Et pourtant je ne sais quel arôme subtil
Exhalé de la mer jusqu’à moi par la brise,
D’un effluve si tiède emplit mon cœur qu’il grise ;
Ce souffle étrangement parfumé, d’où vient-il ?
Ah ! Je le reconnais. C’est de trois mille lieues
Qu’il vient, de l’Ouest, là-bas où les Antilles bleues
Se pâment sous l’ardeur de l’astre occidental ;
Et j’ai, de ce récif battu du flot kymrique,
Respiré dans le vent qu’embauma l’air natal
La fleur jadis éclose au jardin d’Amérique.
De Heredia, Les Trophées
Introduction
En quoi ce poème évoque t-il à la fois la thématique de la mort et le désir d’exotisme d’Heredia ?
I. L’évocation de la mort
A. Une vie éphémère
Dans le premier quatrain, le poète suit la vie d’une fleur : « le pétale fané pend au dernier pistil ». Ici, la fleur n’est pas qu’un simple ornement poétique, elle symbolise le côté éphémère de la vie.

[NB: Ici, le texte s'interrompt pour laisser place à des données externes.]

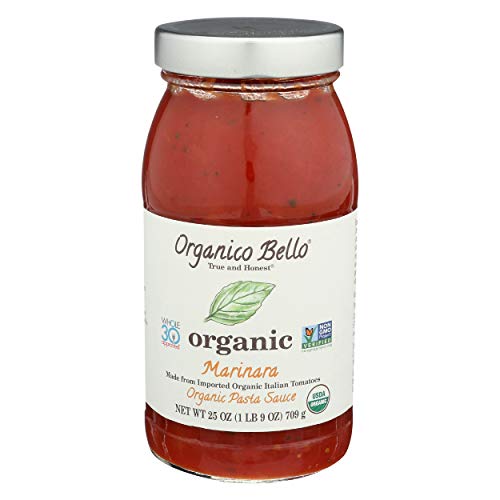 Organico Bello Pasta Sauce, Marinara, 25 Ounce Pack Of 3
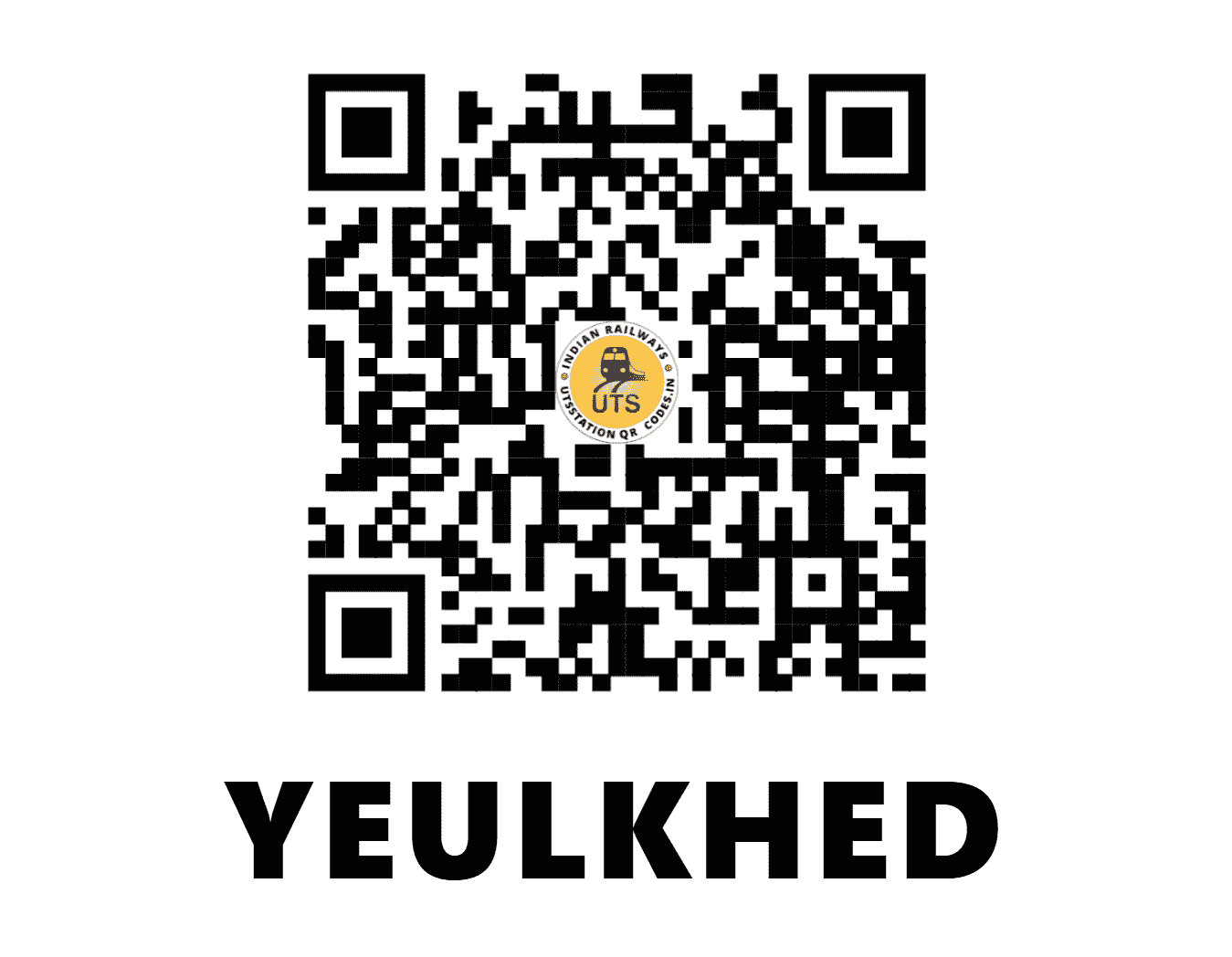 UTS QR Code for YEULKHED - YAD (CR - MAHARASHTRA)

D’un point de vue métaphorique, la fleur représente la vie humaine. Nous pouvons relever le champ lexical de la fleur : « défleuri », « pétale », « fané », « pistil », « la fleur », « éclose ».

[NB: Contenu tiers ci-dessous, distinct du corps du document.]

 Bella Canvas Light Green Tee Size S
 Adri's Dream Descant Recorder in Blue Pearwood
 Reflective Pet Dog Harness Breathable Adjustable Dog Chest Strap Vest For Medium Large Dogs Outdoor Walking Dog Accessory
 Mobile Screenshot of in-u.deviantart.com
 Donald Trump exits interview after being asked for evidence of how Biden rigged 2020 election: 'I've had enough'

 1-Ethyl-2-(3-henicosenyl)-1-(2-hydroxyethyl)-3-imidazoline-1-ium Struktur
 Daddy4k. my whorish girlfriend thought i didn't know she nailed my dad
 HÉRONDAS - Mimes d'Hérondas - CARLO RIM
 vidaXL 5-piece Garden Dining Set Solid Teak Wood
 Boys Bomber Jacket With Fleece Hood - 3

Au vers 14, la fleur éclose peut faire penser à la fleur déclose de Ronsard. Ainsi nous pouvons dire que les grands thèmes poétiques sont éternels.
B. La mort dans le poème
Tout d’abord nous pouvons relever le champ lexical de la mort : « mort », « fin », « pend ». De plus nous savons que la mort est très souvent présente dans les poèmes d’Heredia.
Le vers 2 contient la phrase la plus courte du poème : « Tout est mort ». La phrase est aussi courte que la mort.
La « roche uniformément grise » est une image de la pierre tombale. L’adverbe « uniformément » insiste d’autant plus sur la mort par sa longueur. De plus, notons que l’adjectif « grise » est repris au vers 7 par le verbe « griser ». On a donc des échos de la mort.
II. Un voyage poétique
A. L’évolution du poème
Le dernier vers du premier quatrain est très précis, le poète décrit la fleur en détail. Alors que dans le dernier tercet, Heredia est moins précis. On a donc une sorte de confrontation entre le proche et l’éloignement.
Le poème évolue du froid au chaud : « hiver » et « tiède ». Il évolue aussi en passant par la mort puis par le voyage poétique : « mort » et « exhalé par la mer ».
Ainsi, face à la mort, Heredia apporte l’espoir par le voyage poétique.
B. Un voyage fictif
A travers le poème apparaît le désir d’exotisme d’Heredia notamment à travers le champ lexical de l’exotisme : « arôme », « tiède », « parfumé »…
Ainsi, l’exotisme étant perçu comme étrange et lointain, il stimule l’imaginaire du lecteur comme celui de l’auteur.
L’exotisme est renforcé par l’idée d’éloignement : « Ouest », « Atlantique », « là-bas », « Amérique », « Antilles ». Ce champ lexical contribue à créer un voyage poétique.
Conclusion
Il s’agit d’un poème original qui reprend une forme et des thématiques classiques, et notamment les thèmes de la mort et de la fugue poétique.